**Aim of the task**
Please keep to the lines below from the one with "Army Vietnam Combat" through the one with "BangDon Rectangle Washable", and restate them word for word, ends included.

**Data provided**
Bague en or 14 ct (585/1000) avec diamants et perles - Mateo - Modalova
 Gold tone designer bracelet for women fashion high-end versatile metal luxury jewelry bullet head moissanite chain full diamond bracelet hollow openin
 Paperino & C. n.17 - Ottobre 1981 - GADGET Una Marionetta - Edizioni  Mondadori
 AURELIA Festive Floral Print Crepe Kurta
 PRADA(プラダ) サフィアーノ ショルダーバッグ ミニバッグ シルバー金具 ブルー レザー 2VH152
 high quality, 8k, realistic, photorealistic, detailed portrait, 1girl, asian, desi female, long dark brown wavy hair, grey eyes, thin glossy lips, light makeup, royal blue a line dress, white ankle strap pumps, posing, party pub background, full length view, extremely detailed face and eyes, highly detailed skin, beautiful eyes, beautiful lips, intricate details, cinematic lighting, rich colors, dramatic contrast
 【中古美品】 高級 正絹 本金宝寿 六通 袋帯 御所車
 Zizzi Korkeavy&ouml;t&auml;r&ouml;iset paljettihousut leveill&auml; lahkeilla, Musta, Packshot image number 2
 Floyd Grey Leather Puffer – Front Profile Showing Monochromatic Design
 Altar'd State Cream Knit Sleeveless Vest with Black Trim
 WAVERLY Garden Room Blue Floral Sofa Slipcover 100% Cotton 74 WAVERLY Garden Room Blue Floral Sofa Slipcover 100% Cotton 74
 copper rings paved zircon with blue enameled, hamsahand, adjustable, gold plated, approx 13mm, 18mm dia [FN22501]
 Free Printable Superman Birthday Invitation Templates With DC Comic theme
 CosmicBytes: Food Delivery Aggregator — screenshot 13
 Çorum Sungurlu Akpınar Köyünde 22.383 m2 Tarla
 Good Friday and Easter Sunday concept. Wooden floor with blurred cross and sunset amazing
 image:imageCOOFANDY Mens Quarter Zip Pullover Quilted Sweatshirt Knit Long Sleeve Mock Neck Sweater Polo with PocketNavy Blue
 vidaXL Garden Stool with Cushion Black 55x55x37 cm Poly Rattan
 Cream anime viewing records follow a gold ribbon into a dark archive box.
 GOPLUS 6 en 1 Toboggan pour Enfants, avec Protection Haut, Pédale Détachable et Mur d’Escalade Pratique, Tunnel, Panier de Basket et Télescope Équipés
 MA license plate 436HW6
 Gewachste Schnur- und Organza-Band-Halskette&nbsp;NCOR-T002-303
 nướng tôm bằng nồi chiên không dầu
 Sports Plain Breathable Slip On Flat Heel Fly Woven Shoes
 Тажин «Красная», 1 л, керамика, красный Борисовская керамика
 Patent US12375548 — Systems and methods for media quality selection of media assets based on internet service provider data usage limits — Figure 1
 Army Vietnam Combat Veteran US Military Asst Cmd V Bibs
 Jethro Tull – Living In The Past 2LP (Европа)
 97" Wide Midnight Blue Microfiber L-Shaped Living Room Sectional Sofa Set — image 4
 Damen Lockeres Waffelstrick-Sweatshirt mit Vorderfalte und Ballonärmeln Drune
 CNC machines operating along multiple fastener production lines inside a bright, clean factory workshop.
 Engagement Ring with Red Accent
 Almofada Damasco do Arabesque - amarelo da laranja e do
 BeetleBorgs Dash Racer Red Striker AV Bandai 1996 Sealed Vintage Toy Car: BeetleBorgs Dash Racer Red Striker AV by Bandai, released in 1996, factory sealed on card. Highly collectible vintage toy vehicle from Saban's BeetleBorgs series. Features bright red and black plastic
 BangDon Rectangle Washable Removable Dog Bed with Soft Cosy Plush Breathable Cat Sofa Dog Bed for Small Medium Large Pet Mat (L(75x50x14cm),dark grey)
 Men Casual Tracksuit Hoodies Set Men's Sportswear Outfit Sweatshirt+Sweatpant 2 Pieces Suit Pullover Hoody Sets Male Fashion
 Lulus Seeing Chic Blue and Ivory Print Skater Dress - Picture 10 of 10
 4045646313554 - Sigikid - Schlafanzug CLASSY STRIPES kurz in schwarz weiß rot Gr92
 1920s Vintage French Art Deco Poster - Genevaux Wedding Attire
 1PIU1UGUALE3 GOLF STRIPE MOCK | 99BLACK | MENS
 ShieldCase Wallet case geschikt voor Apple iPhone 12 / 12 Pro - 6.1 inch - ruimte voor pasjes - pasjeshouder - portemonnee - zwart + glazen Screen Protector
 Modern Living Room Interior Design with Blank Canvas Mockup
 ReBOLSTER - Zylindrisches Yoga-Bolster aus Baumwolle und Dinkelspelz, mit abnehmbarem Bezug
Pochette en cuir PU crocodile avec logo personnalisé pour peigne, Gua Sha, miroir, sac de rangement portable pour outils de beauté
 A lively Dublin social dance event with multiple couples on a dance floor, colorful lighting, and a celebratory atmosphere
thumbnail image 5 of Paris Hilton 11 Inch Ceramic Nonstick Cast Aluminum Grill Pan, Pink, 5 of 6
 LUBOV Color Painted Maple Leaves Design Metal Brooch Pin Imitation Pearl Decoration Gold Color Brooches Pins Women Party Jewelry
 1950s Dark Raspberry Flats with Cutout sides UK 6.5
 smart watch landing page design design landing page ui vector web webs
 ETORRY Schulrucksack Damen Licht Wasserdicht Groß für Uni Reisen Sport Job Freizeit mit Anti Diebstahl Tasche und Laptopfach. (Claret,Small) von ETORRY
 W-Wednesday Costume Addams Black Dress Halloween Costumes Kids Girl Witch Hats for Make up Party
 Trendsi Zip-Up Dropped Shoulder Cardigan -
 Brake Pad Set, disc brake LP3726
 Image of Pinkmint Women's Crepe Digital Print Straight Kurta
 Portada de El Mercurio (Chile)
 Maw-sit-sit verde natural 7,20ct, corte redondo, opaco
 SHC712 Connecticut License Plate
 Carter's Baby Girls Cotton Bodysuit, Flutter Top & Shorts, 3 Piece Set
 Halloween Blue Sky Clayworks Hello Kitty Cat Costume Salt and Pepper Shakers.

**Exercise solution**
 Army Vietnam Combat Veteran US Military Asst Cmd V Bibs
 Jethro Tull – Living In The Past 2LP (Европа)
 97" Wide Midnight Blue Microfiber L-Shaped Living Room Sectional Sofa Set — image 4
 Damen Lockeres Waffelstrick-Sweatshirt mit Vorderfalte und Ballonärmeln Drune
 CNC machines operating along multiple fastener production lines inside a bright, clean factory workshop.
 Engagement Ring with Red Accent
 Almofada Damasco do Arabesque - amarelo da laranja e do
 BeetleBorgs Dash Racer Red Striker AV Bandai 1996 Sealed Vintage Toy Car: BeetleBorgs Dash Racer Red Striker AV by Bandai, released in 1996, factory sealed on card. Highly collectible vintage toy vehicle from Saban's BeetleBorgs series. Features bright red and black plastic
 BangDon Rectangle Washable Removable Dog Bed with Soft Cosy Plush Breathable Cat Sofa Dog Bed for Small Medium Large Pet Mat (L(75x50x14cm),dark grey)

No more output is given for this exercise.